Seminar: "From here to infinity -- bridging finite and Bayesian nonparametric mixture models in model-based clustering"
AUEB STATISTICS SEMINAR SERIES OCTOBER 2021
Sylvia Frühwirth-Schnatter (Department of Finance, Accounting, and Statistics, WU Vienna University of Economics and Business, Vienna, Austria)
From here to infinity -- bridging finite and Bayesian nonparametric mixture models in model-based clustering
This talk reviews the concept of mixture models and their application for model-based clustering from a Bayesian perspective and discusses some recent developments.
Two broad classes of mixture models are available. On the one hand, finite mixture models are employed with a finite number K of components in the mixture distribution. On the other hand, Bayesian nonparametric mixtures, in particular Dirichlet process and Pitman-Yor process mixtures, are very popular. These models admit infinitely many mixture components and imply a prior distribution on the partition of the data, with a random number of data clusters. This allows to derive the posterior distribution of the number of clusters given the data which contains useful information regarding unobserved heterogeneity in the data.
One reason for the popularity of Bayesian nonparametric mixtures is the common belief that finite mixture models are different in this regard and that, by selecting the number K of components in the mixture distribution, the number of data clusters is automatically forced to be equal to K. However, recent research in finite mixture models has revealed surprising similarities between finite and Bayesian nonparametric mixture models.
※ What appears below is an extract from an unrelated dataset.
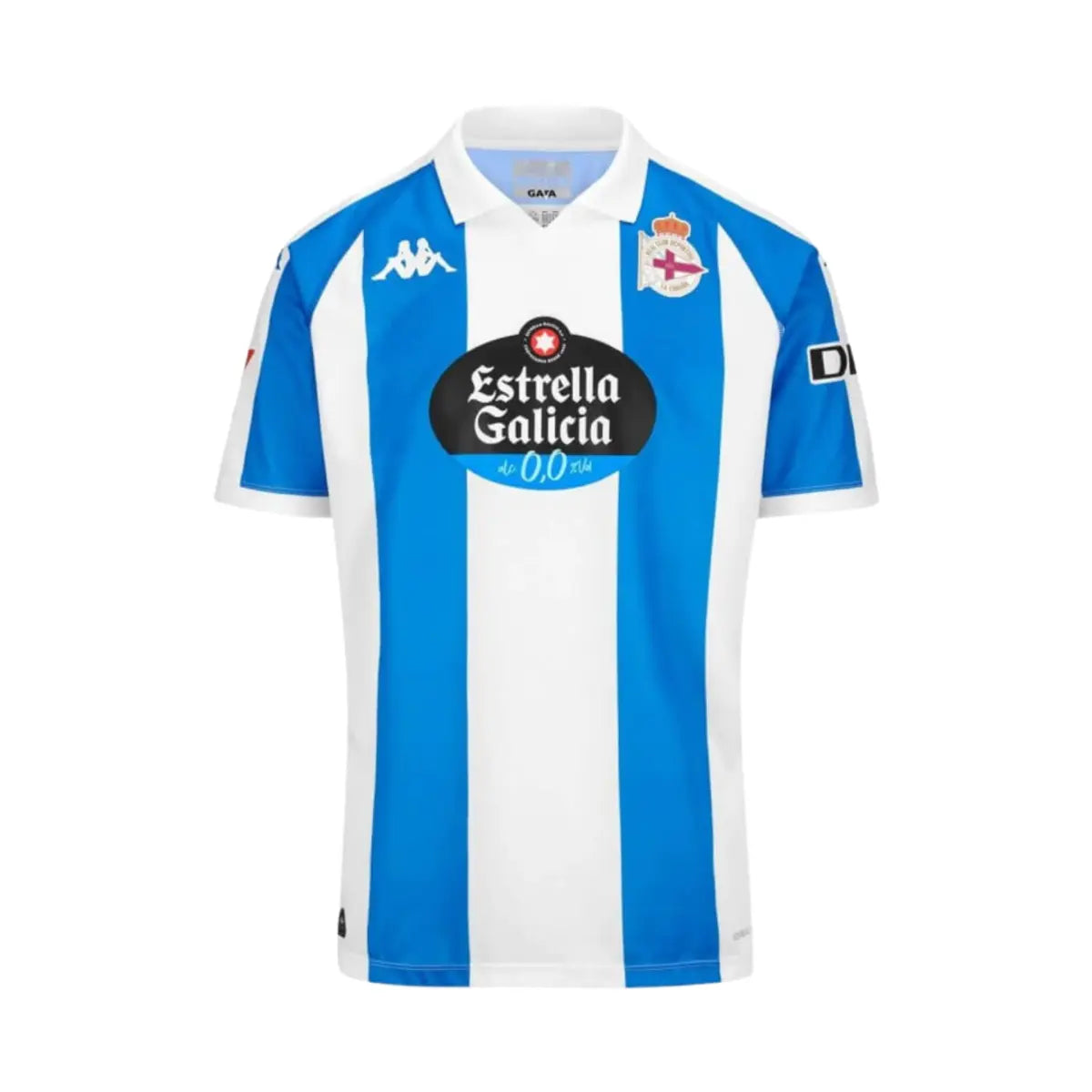 RC DEPORTIVO DE LA CORUNA HOME JERSEY 2024-25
It has been shown that also for finite mixtures there exists a pronounced difference between the number of components in the mixture distribution and the number of clusters in the data, in particular, if the mixture model is overfitting.
The concentration parameter in the Dirichlet prior on the mixture weights is instrumental in this respect and, for appropriate choices, finite mixture models also imply a prior distribution on the partition of the data with a random number of data clusters. In addition, a prior can be put on the number K of components in the mixture distribution. This allows to infer simultaneously K and the number of data clusters from the data within the framework of generalized mixtures of finite mixtures, recently introduced by Frühwirth-Schnatter, Malsiner-Walli and Grün (arXiv preprint 2005.09918v2). This model class encompasses many well-known mixture modelling frameworks, including Dirichlet process and sparse finite mixtures. A new, generic MCMC sampler (called telescoping sampler) is introduced that allows straightforward MCMC implementation and avoids the tedious design of moves in common trans-dimensional approaches such as reversible jump MCMC.
(this talk is based on joint work with Jan Greve, Bettina Grün, and Gertraud Malsiner-Walli and supported by the Austrian Science Fund (FWF), grant P28740)